Suppose we have an arclength parametrization of a curve in the $xy$-plane given by $x(s)$, $y(s)$ where $0 \leq s \leq L$. We want to integrate a scalar function $f(x,y)$ along this line. Since we are working with an arclength paraemtrization it seems that the integral to evaluate should intuitively be
$ \int_0^L f(x(s),y(s)) ds$.
Going through the formalism though we have that the integral is
$ \int_0^L f(x(s),y(s)) \sqrt{x'(s)^2 + y'(s)^2} ds$.

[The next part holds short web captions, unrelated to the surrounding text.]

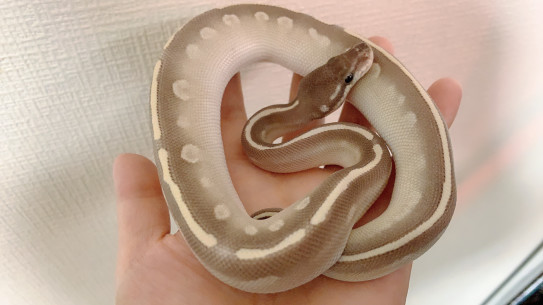 飼い主様募集中 ボールパイソン Hime Luxe Reptiles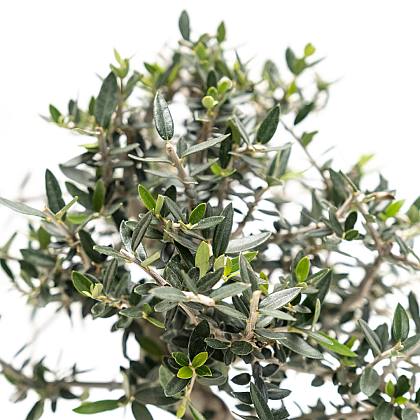 Bonsái Olivo / Olea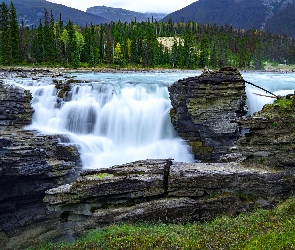 Prowincja Alberta, Drzewa, Wodospad Athabasca, Kanada, Skały, Park Narodowy Jasper, Rzeka Athabasca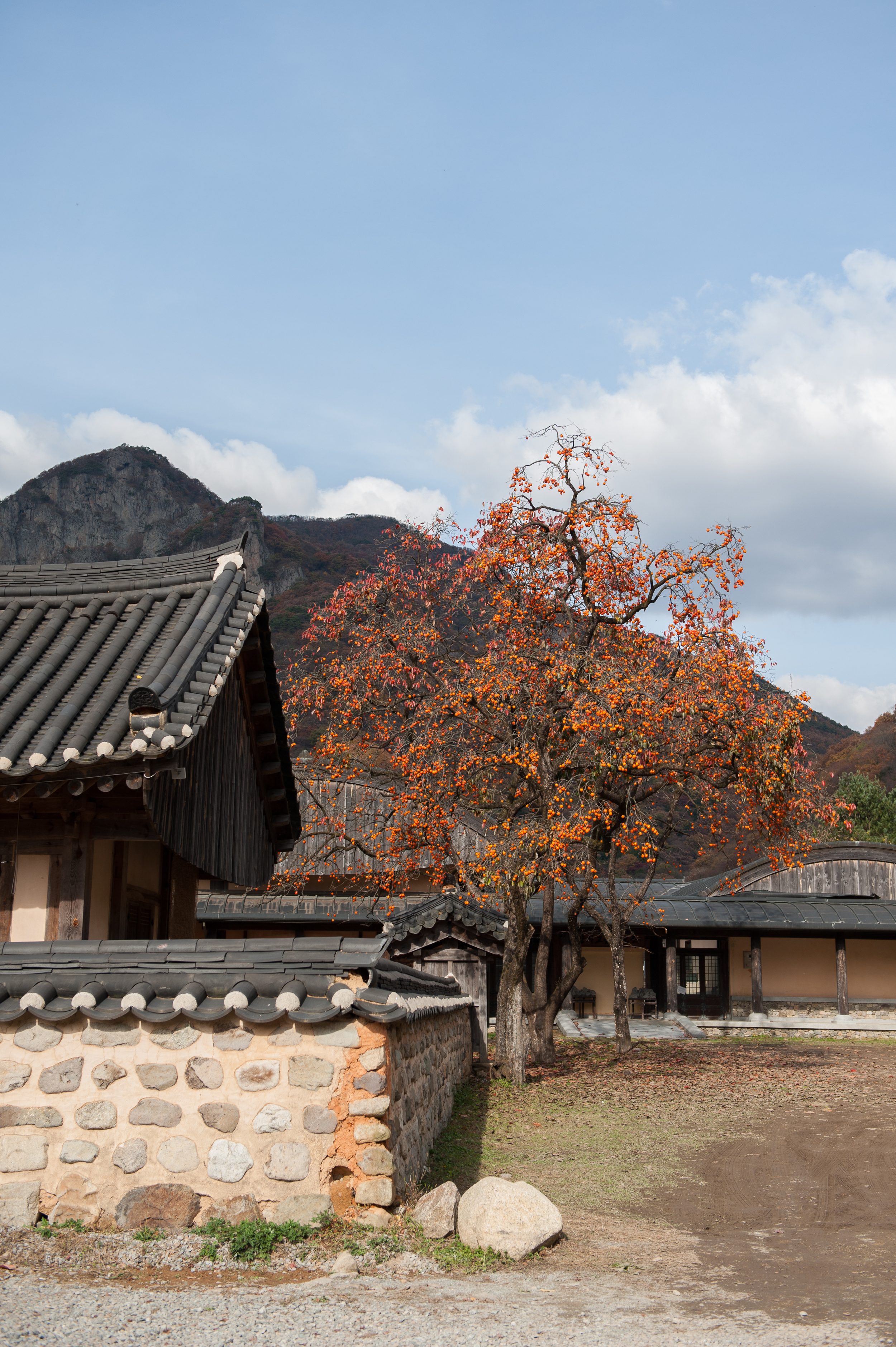 Baegyangsa Temple Naejangsan National Park (29 of 186).jpg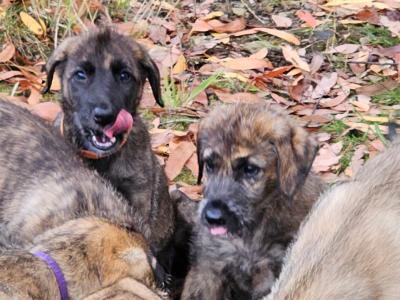 Gentle & Playful IKC Registered(pending)Irish Wolfhound puppies in Wexford – ready for Loving homes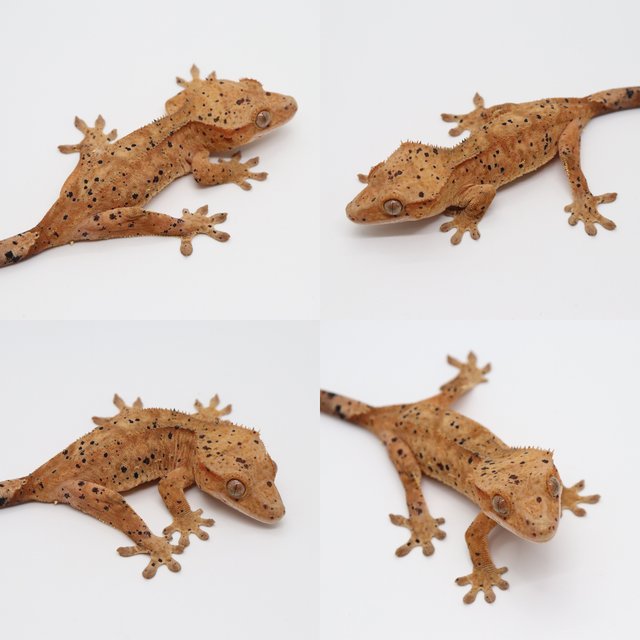 달마시안 슈퍼달마시안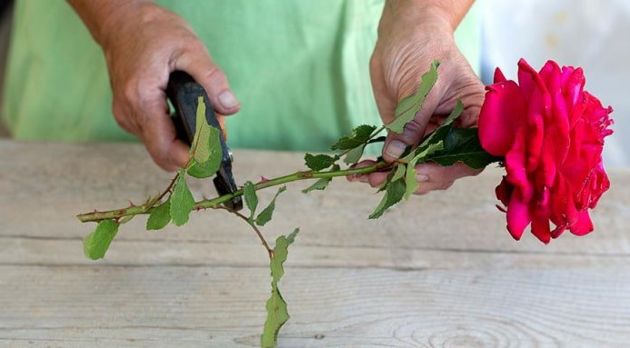 Как вырастить розу из букета? – 4 рабочих способа и рекомендации по черенкованию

Is the first representation of the integral correct as well? If so, is there a way of seeing why $\sqrt{x'(s)^2 + y'(s)^2} = 1 $ for an arclength parametrization?
It seems that your problem is the following: Given a parametrization $$\gamma:\quad t\mapsto\bigl(x(t),y(t)\bigr)\qquad(0\leq t\leq T)\ ,\tag{1}$$ how can I recognize that it is in fact arc-length-parametrization? Whether or not $t$ is arc length we can compute the arc length $s(t)$ of the piece of $\gamma$ described in the time interval $[0,t]$ by means of the following formula: $$s(t)=\int_0^t\sqrt{x'^2(\tau)+y'^2(\tau)}\ d\tau\qquad(0\leq t\leq T)\ .$$ When $t$ is in fact arc length then $s(t)\equiv t$, which implies $$s'(t)=\sqrt{x'^2(t)+y'^2(t)}\equiv1\ .$$